• TRY IT: Whatever runs from the line with "Dracotail Phryxul DOOD-EN023" to the end of the records below must be copied exactly, with nothing else included.

(Beginning of DATA RECORDS)

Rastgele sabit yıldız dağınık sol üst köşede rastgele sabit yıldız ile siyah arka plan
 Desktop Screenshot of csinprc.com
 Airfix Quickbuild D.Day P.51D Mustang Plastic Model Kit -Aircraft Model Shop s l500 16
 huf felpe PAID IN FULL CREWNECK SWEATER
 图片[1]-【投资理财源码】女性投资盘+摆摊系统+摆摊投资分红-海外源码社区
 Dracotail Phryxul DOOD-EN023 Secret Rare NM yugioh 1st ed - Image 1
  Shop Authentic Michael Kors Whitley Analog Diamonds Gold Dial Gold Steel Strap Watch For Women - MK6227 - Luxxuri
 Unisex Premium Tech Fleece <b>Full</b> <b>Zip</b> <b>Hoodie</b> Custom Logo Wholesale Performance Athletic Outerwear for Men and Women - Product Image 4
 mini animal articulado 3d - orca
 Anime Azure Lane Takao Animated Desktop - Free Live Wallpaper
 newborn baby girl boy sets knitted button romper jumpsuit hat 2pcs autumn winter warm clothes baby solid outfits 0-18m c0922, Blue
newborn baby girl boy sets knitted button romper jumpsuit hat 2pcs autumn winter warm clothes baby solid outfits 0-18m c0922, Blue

(End of DATA RECORDS)

• ANSWER TO THIS TASK:
 Dracotail Phryxul DOOD-EN023 Secret Rare NM yugioh 1st ed - Image 1
  Shop Authentic Michael Kors Whitley Analog Diamonds Gold Dial Gold Steel Strap Watch For Women - MK6227 - Luxxuri
 Unisex Premium Tech Fleece <b>Full</b> <b>Zip</b> <b>Hoodie</b> Custom Logo Wholesale Performance Athletic Outerwear for Men and Women - Product Image 4
 mini animal articulado 3d - orca
 Anime Azure Lane Takao Animated Desktop - Free Live Wallpaper
 newborn baby girl boy sets knitted button romper jumpsuit hat 2pcs autumn winter warm clothes baby solid outfits 0-18m c0922, Blue
newborn baby girl boy sets knitted button romper jumpsuit hat 2pcs autumn winter warm clothes baby solid outfits 0-18m c0922, Blue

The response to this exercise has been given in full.